If I had the technical chops I would totally automate this so none of the videos would get missed, but as it stands I’ll just link the ones I stumble across.
Yeah, but they gave plenty of different kinds of punks a voice to talk to each other and tell about their scenes, even if they had a political/cultural view point. The zine itself, especially scene reports, letters, and the classifieds were a pretty inclusive place for anyone identifying as punk.
So was any other decade we just forget the dross except for the historians.
But in teh best of the worst while not the beginning it was the Golan Globus era of Cannon Films which gave us so so many so bad they are good films in the 80s,
ETA if you have not seen the documentary about them then you are missing out.
But also another good example of the diversity of style in early punk scenes!
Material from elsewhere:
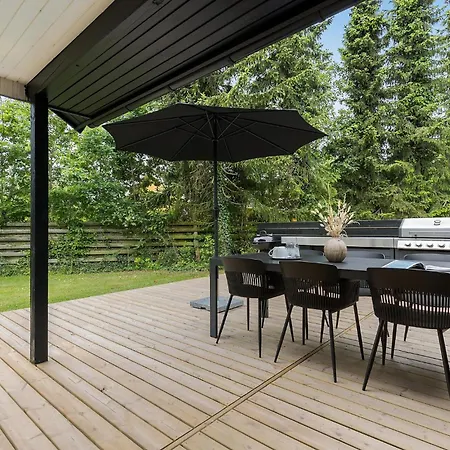 3 Bedroom Cozy In Feriehus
And that punk scenes were much more diverse early on, not just a bunch of pissed off white blokes!
And then we get told that we don’t know what we’re talking about, because what we’re saying doesn’t align with popular memory (or an individual’s subjective experiences of that time)!
Absolutely. But still, the microscopic focus on punk and punk only is still pretty damned puritanical, no way around it. And I love punk, but reading MRR back then, while I was simultaneously getting into jazz and hip hop, it always felt like Yohannon and co were looking down their noses at the rest of us.
Sure, but there was plenty of interest to sustain that as a translocal identity via a shared mass media format like a zine. Their goal is pretty focused on that, it seems to me.
Or maybe they were just trying to serve a particular community? There are plenty of other magazines and zines that did just that for a variety of genres of music, not just MRR. Should a classical magazine include stories on punk or metal, so as to not “look down on others”? Or is it meant to be a means of exploring the genre for people interested in that?
I didn’t see the following powerhouses of talent in the video clip, so I’ll share them here. Ladies and gentlemen, please give a warm BoingBoing welcome to Frank Stallone and Yahoo Serious.